Het kabinet heeft besloten per direct te stoppen met nieuwe subsidies voor houtige biogrondstoffen voor laagwaardige warmte. Het gaat hier specifiek om de productie van lage temperatuurswarmte (100°C) uit houtige biogrondstoffen. Deze warmte wordt voornamelijk gebruikt voor het verwarmen van gebouwen en kassen.
Minister Jetten voor Klimaat en Energie: ‘Biogrondstoffen spelen een belangrijke rol bij het bereiken van een klimaatneutrale en circulaire economie. Biogrondstoffen zijn cruciaal om minder afhankelijk te worden van fossiele grondstoffen, zeker in sectoren waar beperkt tot geen duurzame alternatieven bestaan. Tegelijkertijd heeft het kabinet oog voor de maatschappelijke zorgen over biogrondstoffen. Daarom hebben we besloten per direct te stoppen met het afgeven van subsidies voor houtige biogrondstoffen voor laagwaardige warmte.’
De insteek van het kabinet is dat duurzame biogrondstoffen worden ingezet waar ze de grootste bijdrage leveren aan verduurzaming en waar alternatieven beperkt beschikbaar zijn. Dit soort hoogwaardige toepassingen blijven ondersteund worden. Voorbeelden van hoogwaardige toepassingen zijn onder andere biobeton, verf op basis van biogrondstoffen in plaats van fossiele grondstoffen, groen gas als vervanger van aardgas, of als brandstof voor zwaar wegtransport, luchtvaart en zeevaart waar biobrandstoffen als hoogwaardige dieselvervangers een alternatief bieden.

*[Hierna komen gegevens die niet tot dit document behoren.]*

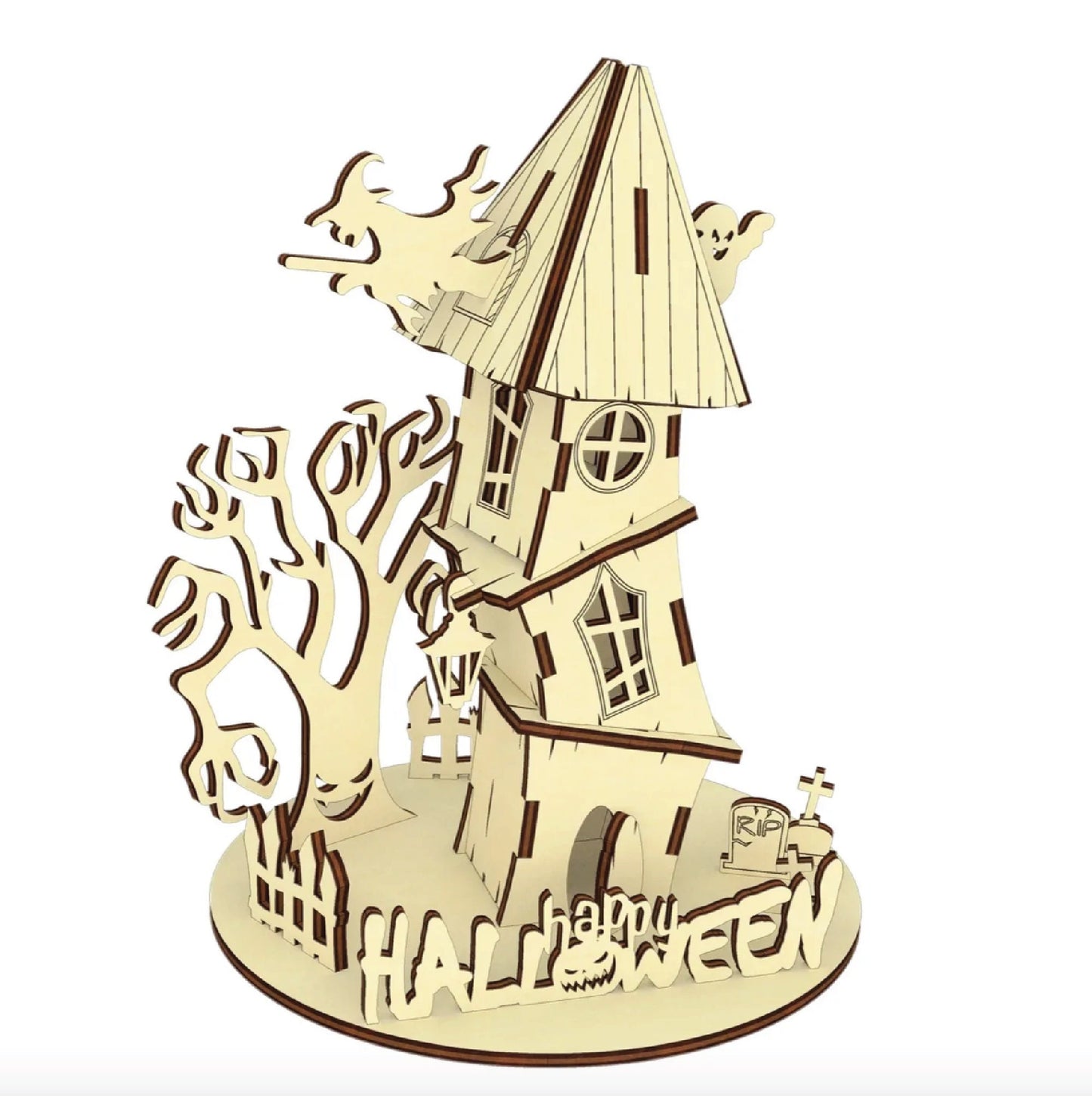DIY Paint Your Own Halloween Haunted House Décor | Table Setting | Do It Yourself | Size: 5.775 x 5.75 x 7.5 in Paint and Assembly Required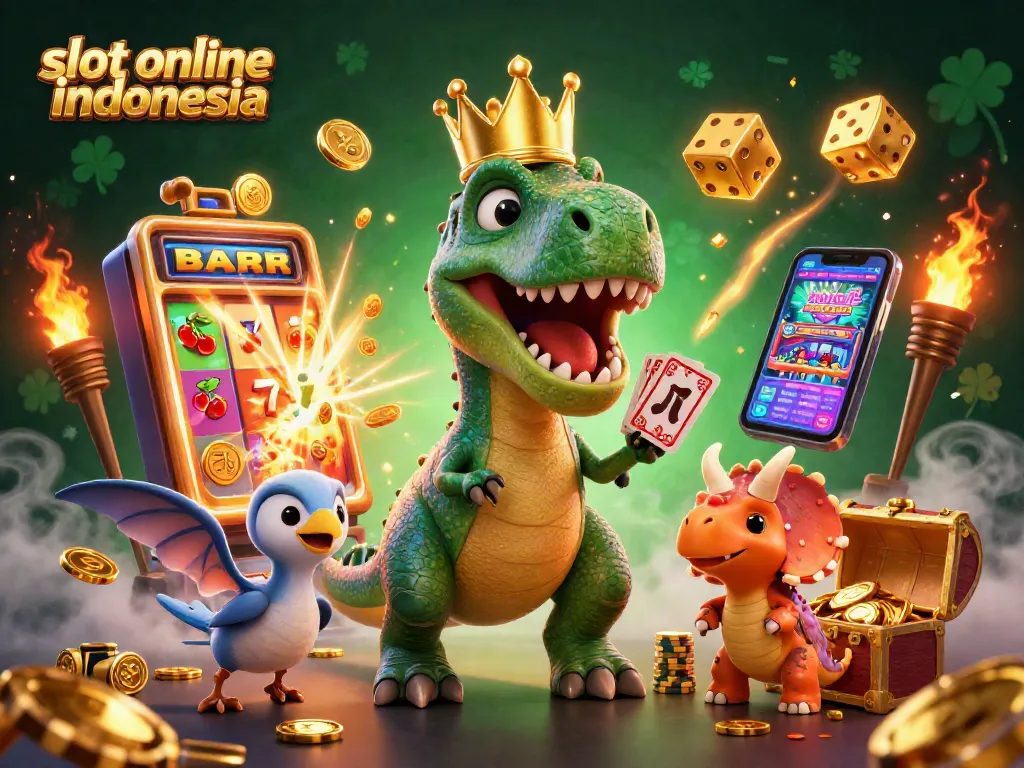 Win big at slot online Indonesia with a friendly T-Rex shuffling cards surrounded by vibrant casino action.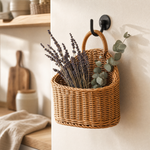 Woven Rattan Wall Basket – Hanging Fruit Storage for Kitchen Garden Home Decor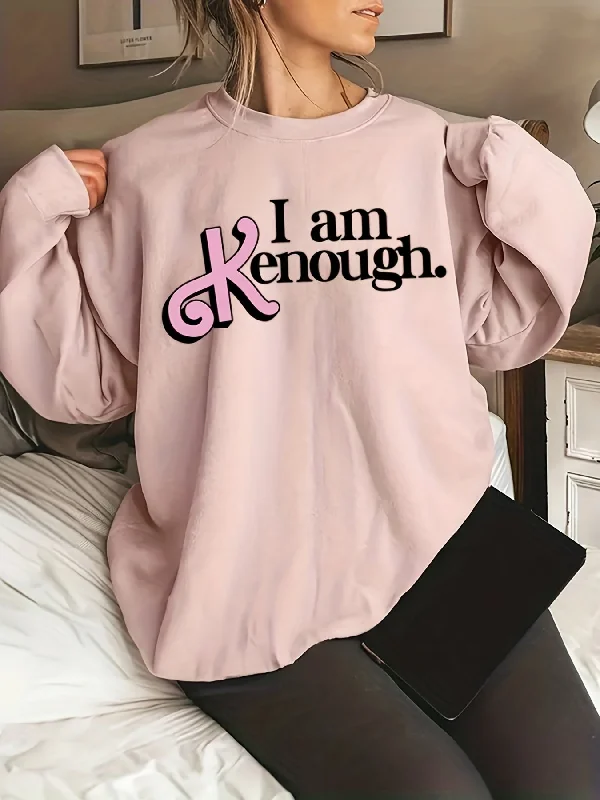 Sixsr Plus Size Halloween Casual Sweatshirt, Women's Plus Slogan Print Long Sleeve Round Neck Sweatshirt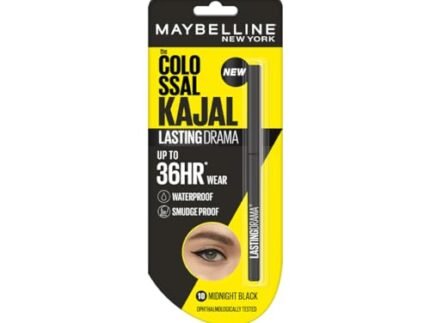 Maybelline New York Colossal Lasting drama Kajal – 36H Wear, Waterproof, Smudge Proof Kajal – 10 Midnight Black, 0.31g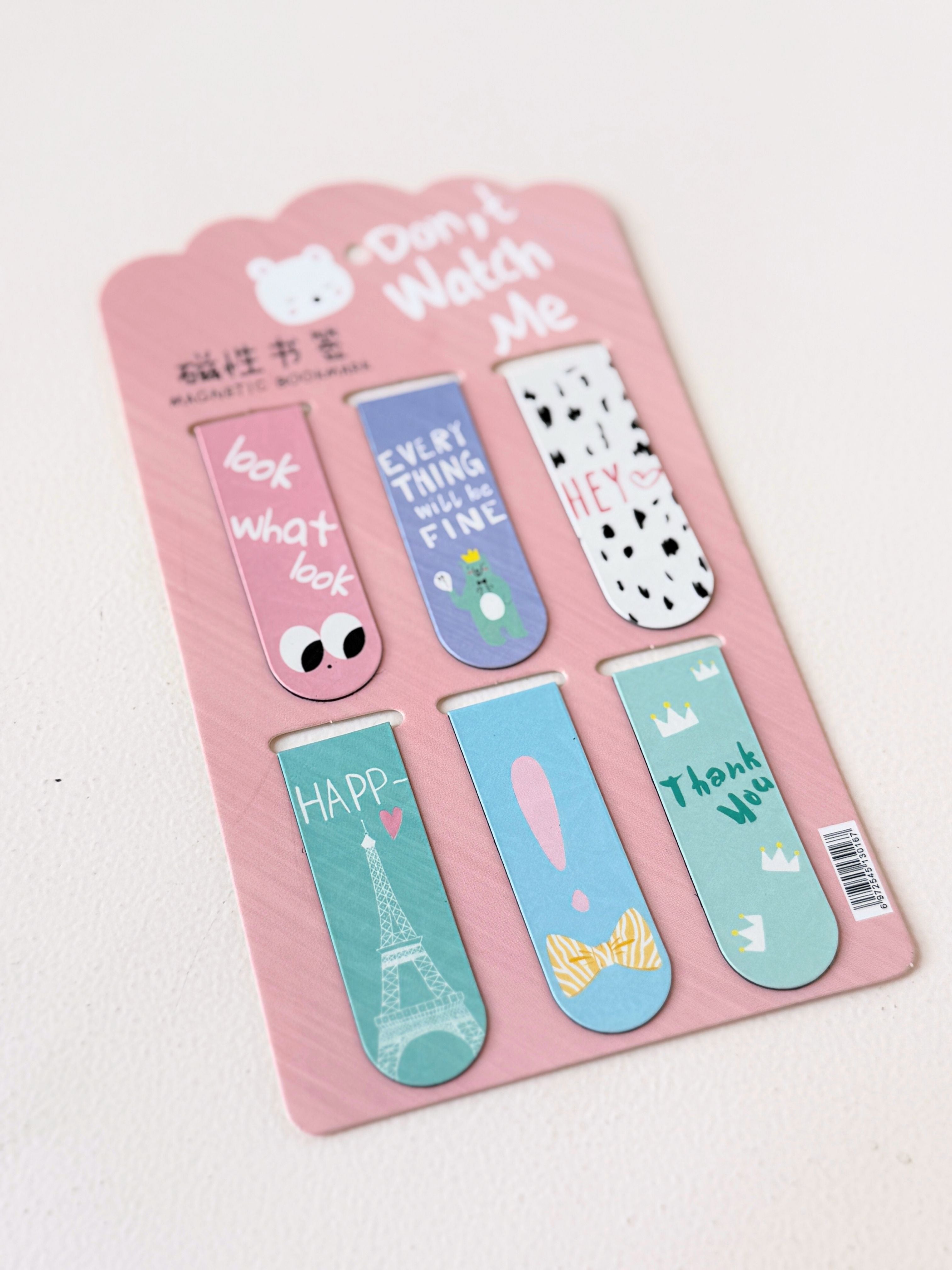 Cute Magnetic Bookmarks – Set of 6 | Page Clips for Books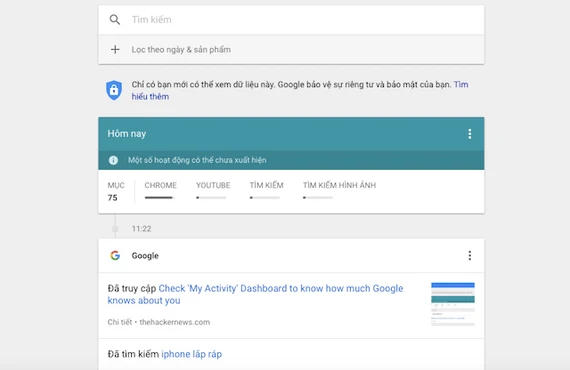 My Activity liệt kê đầy đủ các thông tin mà người dùng tìm kiếm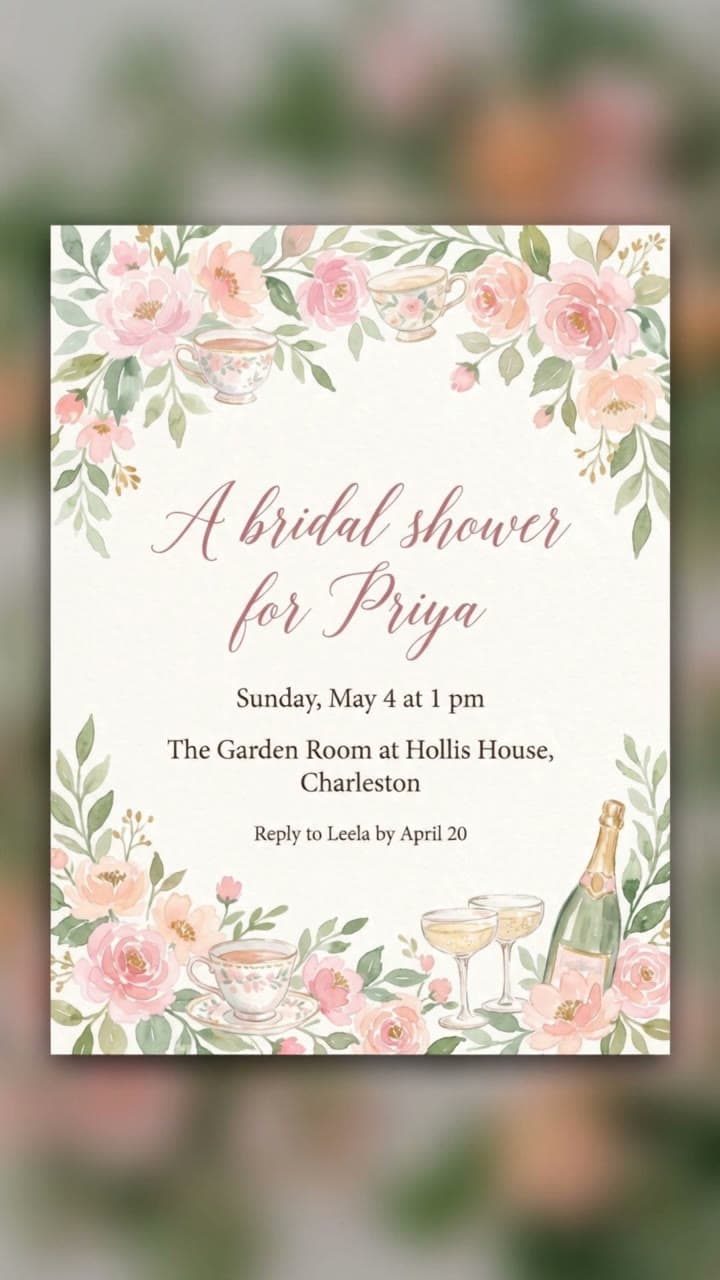 Priya's bridal shower rising over garden roses, a real run on Leap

Om de duurzaamheid van de gebruikte biogrondstoffen te borgen zet Nederland bij de onderhandelingen over de Europese Hernieuwbare Energierichtlijn in op een verdere aanscherping van de Europese duurzaamheidscriteria van biogrondstoffen. Het kabinet zal dit samen met de eisen uit het Duurzaamheidskader biogrondstoffen vastleggen in wet- en regelgeving. Ook gaat het kabinet de certificering van geïmporteerde biogrondstoffen en biogrondstoffen uit eigen land verder aanscherpen.
Met dit besluit bouwt het kabinet voort op het Duurzaamheidskader voor biogrondstoffen dat in oktober 2020 aan de Kamer is aangeboden en het SER-advies Biomassa in Balans (juli 2020), waaraan sociale partners, de energiesector, de industrie en de natuur- en milieuorganisaties hebben bijgedragen.